In the early days of our children coming home from Russia, I was the one primarily communicating with them in Russian. I taught them, laid down the law, explained and corrected, all in Russian. The children lied, cursed, and not-so-innocently told me to get lost when they learned that I had their number and saw through any manipulative charades. I spied answers pencilled onto papers before we even began a quiz, so I learned to change Question #1 into Question #10. All of this basically scarred me for life.
Their father was oblivious, or felt that I was being mean to the little angels. He played with them, tickled them, took them out for ice cream, and tucked them into bed each evening, while I had long talks with myself in the bathroom mirror, wondering how my life had turned into a train wreck overnight.
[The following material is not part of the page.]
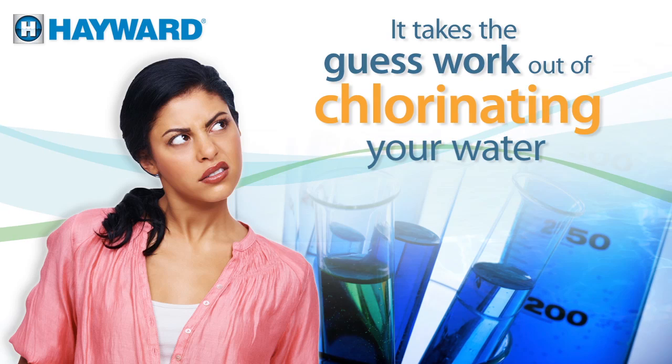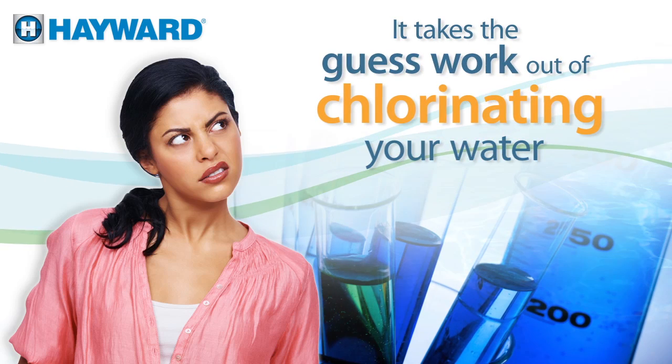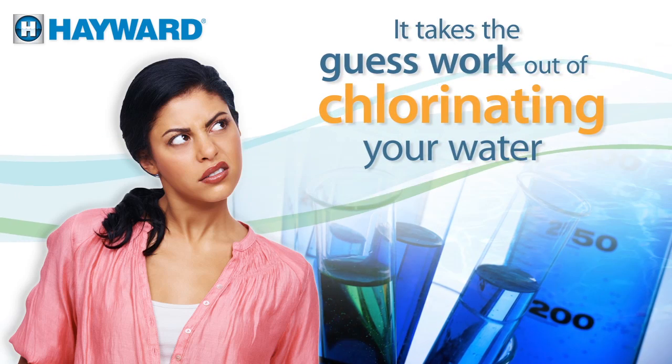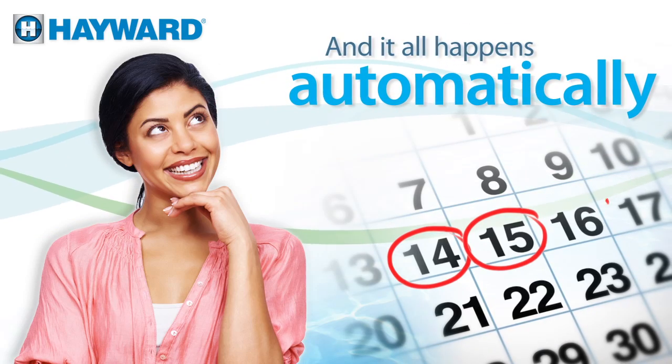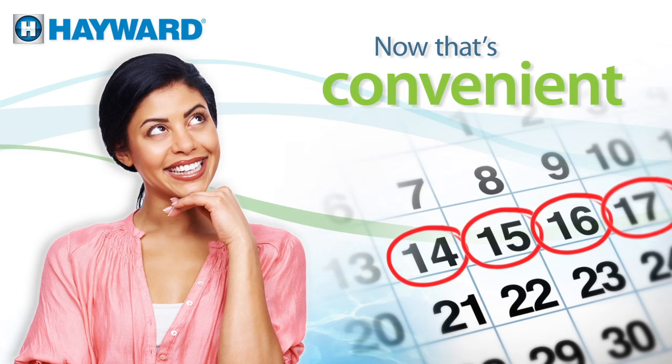Salt & Swim 3C takes the guesswork out of chlorinating your water by turning ordinary salt into chlorine. And it all happens automatically, day in day out. Now that's convenient.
Fast-forward to now. Benedetto prefers to take over much of the homeschooling tasks, such as administration of DVD lessons and tests, while I teach various languages and give spelling tests and my motivational life lessons for the day (how to get a job, vital character traits, how to fill out forms, what to do in an emergency, setting and achieving goals, etc.), which most roundly ignore.
It was a few months ago that I began inquiring about each student’s status. I felt that my husband had given them too long of a winter break, that was really all of a couple of weeks, but when we’re trying to make up for lost time and lost years… it’s too much.
I started asking the kids where they were in their lessons and some became quite defensive. Working out an exact schedule, I showed each one how many lessons per day they needed to finish in order to have some free time this summer. Benedetto claimed that this sharing of truth was unfortunate because, I basically uncovered that they had fallen behind.
Except for one. Sashenka the youngest (12.5) insisted that she was far ahead of the pack. This puzzled me, but again, she was in the lowest grade represented, so it was possible. I went over her lessons with a fine-toothed comb.
That’s when it surfaced: she had skipped two and a half months’ worth of math.
Oh yes. That’s why she was “ahead”. While her sister was having meltdowns and issues galore, Sashenka flew below the radar and just pushed her math to the back burner. Each of the kids was taking tests, and moving forward, and completing lessons, but when no one called her on her avoided subject, math went missing more and more. How could this happen?
With four different kids to monitor, various outside activities, as well as our own professions, we’re doing the best we can, which we thought was pretty good….
It might be a long summer. “Doveryai no Proveryai”, Trust but Verify, will be our motto. “Don’t Worry, Be Happy” has not worked for us, in my opinion.
But I could be wrong. Just about anything could be possible at this point.